Use cases where Relational Databases is not useful:

  • · Relevance based searching
  • · Searching when the spelling of the search term is wrong
  • · Full-text search
  • · Synonym search
  • · Phonetic search
  • · Log analysis

Concepts around Elasticsearch

The backend of Elasticsearch involves the following components:

Index: An index is a collection of documents that have similar characteristics. For example, we can have an index for customer data and another one for a piece of product information. An index is identified by a unique name that refers to the index when performing indexing search, updates and delete operations. In a single cluster, we can define as many indexes as we want. Index = Database Schema in RDBMS.

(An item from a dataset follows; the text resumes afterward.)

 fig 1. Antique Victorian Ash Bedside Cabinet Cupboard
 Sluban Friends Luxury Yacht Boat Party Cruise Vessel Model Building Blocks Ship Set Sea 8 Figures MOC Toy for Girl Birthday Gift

Cluster: A cluster can be considered as a collection of one or more servers that store the entire data together and provide a federated view of the indexes and search capabilities across all servers. A cluster consists of one or more nodes that share the same cluster name. Each cluster has a single master node which can be replaced if the current master node fails.

Node: A node is a running instance of Elasticsearch which belongs to a cluster. Multiple nodes can be started on a single server. At a start-up, a node will use unicast to discover an existing cluster with the same cluster name and will try to join that cluster. We have found that each node need to have 32Gb RAM installed else will it start getting unstable when larger data set is captured.

Shards: Shards can be considered as a subset of documents of an index. An index can be divided into many shards.

Document: A document is a JSON file that is stored in Elasticsearch. It is like a row in a table in relational databases. Each document is stored in an index and has a type and an id. A document is a JSON object which contains zero or more fields, or key-value pairs.

ID: The ID identifies a document. The index/type/id of a document must be unique. If no ID is provided, it will be auto-generated.

Mapping: A mapping is like a schema definition in a relational database. Each index has a mapping, which defines datatypes for all the keys in that index.

Use-cases

Now that we understand the basics of Elasticsearch, it is paramount to know when to use Elasticsearch. Some of the impressive use cases of Elasticsearch are:

Text Search (searching for pure text): Applications that use lots of textual data can best make use of Elasticsearch wherein any specific search word/phrase could be quickly located through the huge volumes of data.

Auto-Complete: Based on the past searches, Elasticsearch auto-completes the partially typed words/search phrases.

Autosuggestion: As the user begins to start typing the search query, Elasticsearch suggests a few possible queries matching the one the user is typing.

JSON based storage: The documents are stored in Elasticsearch indexes in the JSON format.

Data Aggregation: This feature is useful to obtain analytics about the data that is indexed in the Elasticsearch. It allows the user to perform statistical calculations on the data stored.

To monitor and analyse application logs

Near Real-time Analytics

Elasticsearch is very much suitable for various use cases, with new features being added in every new version.